Is this an issue with protobufs per se though? It's a data schema. How are people supposed to develop to a shared schema if a team doesn't - you know - share their schema? That could happen with any other particular choice for how schemas are defined.

It's a problem with PB because it requires everything to be typed (unless you use Any), which requires all middleware to eagerly type check all data passing through. With JSON, validation will be typically done only by the endpoints, which allows for much faster development.

There was a blog a few years ago, where an engineer working on the Google Cloud console was complaining that simply adding a checkbox to one of the pages required modifying ~20 internal protos and 6 months of rollout. That's an obvious downside that I wish I knew how to fix.

My guess is there's more to that story than just "protobufs don't forward unknown fields" because that's not how they work be default. Take a look at https://protobuf.dev/programming-guides/proto3/#unknowns.

https://kmcd.dev/posts/protobuf-unknown-fields/ discusses the scenario you're hinting at.

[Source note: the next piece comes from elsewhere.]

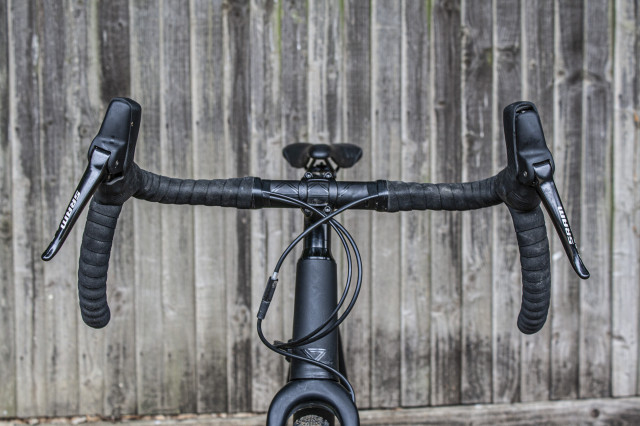 Vaast A/1 Allroad handlebar arrangement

It's possible in the story you mention that each of those ~20 internal protos were different messages, and each hop between backends was translating data between nearly identical schemas. In that case, they'd all need to be updated to transport that data. But that's different and the result of those engineers' choice for how to structure their service definitions.

The problem is different. Protobuf's unknown field support is useful if you want to forward a message in its entirety, and it allows you to copy an input message even though it has fields unknown to the middleware. The problem arises because at Google, in order to minimize payloads and storage sizes, they almost always create "intermediate" protobufs that are only used by middleware to talk to other middleware.

Example:

The service that manages the web frontend knows that the new checkbox is auth-related and therefore it has to go into the WebServiceAuthRequest PB message, but it doesn't have the new schema of the WebServiceAuthRequest message with the checkbox field, so it can't create a WebServiceAuthRequest message because it doesn't know which numeric ID to use for the value.

The "common wisdom" at Google was that you have to add a new field starting at the leaves (the storage backends) and work your way up to the middleware, then the web frontends and finally the JS code. And yes, in the worst case it can take two quarters and modifying 20 intermediate services (each with its own ServiceFooRequest protobuf) just to add a new checkbox in the UI.

And in writing this I came up with a way to avoid the problem, but it would require an incompatible change to the PB wire format. Hmmm...

> As it occured to me, gRPC could optionally just serve those .proto files in the initial h2 handshake on the wire

Do you mean the reflection protocol, or some other .proto files?

It does have discovery built in. Is that what you want?
you mean grpc.reflection.v1alpha.ServerReflection? Close enough, sadly not generally enabled.